Yesterday I got back from my 1 week vacation in Livingstone, Zambia, the home of Victoria Falls. There is a regular bus going from Namibia to Livingstone, but we missed it so we had to hitchhike. The first leg of the trip, from Rundu to the Zambian border was fine. When we got to the border we had to leave our ride and walk across from Namibia to the Zambian customs office-- a 500m gap claimed by neither country. I guess there aren't too many tourists that walk across, most drive with their rented Land Rovers with A/C so Zambians immediately flocked around us, eager to exchange their inflation-prone Kwacha for the more reliable Namibian Dollar. I didn't exchange any money, I had forgotten to look up the exchange rate before I left and was afraid of being ripped off. We left the customs office just in time to catch a Zambian bus to Livingstone, but not until 1) A taxi driver offered to take the 5 of us to Livingstone, a 2 hour drive, for $100 (the bus ride itself cost less than $10) and 2) The ticket agent demanded a bribe.

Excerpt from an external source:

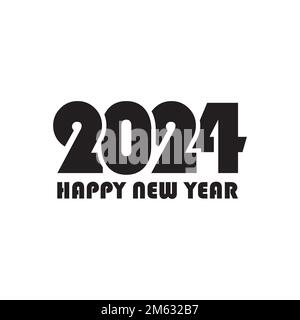 2024 HAPPY SILVESTER Logo Design Vector isoliert auf weißem Hintergrund. Stock Vektor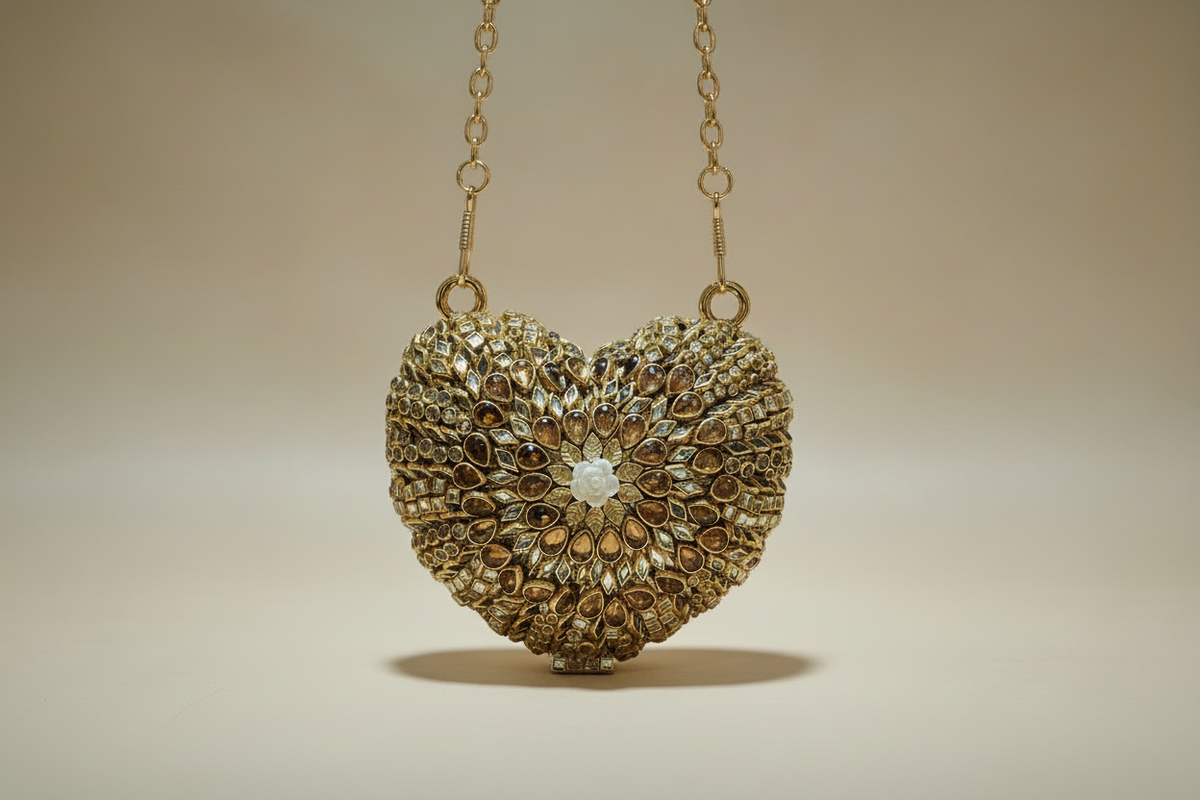 Kundan Heart Clutch (C)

If you ever go to Livingstone I heartily recommend the hostel we stayed at: Jollyboys Hostel. The clean beds are $6 a night, the swimming pool is chilly but refreshing, and the gates are always open at night. I don't get paid very much in the Peace Corps, about $230 a month, but I also can't spend any money living at Kahenge except to buy food, so I was able to fund the entire trip on Peace Corps savings. In total I got chased by hippos while canoing down the Zambezi, went bungee jumping off the 360 foot bridge spanning the Victoria Falls gorge, had a full-day safari at Chobe National Park in Botswana, and spent a day white-water rafting on class V rapids on the Zambezi (the next class up, class VI is defined as impossible to cross with a raft!)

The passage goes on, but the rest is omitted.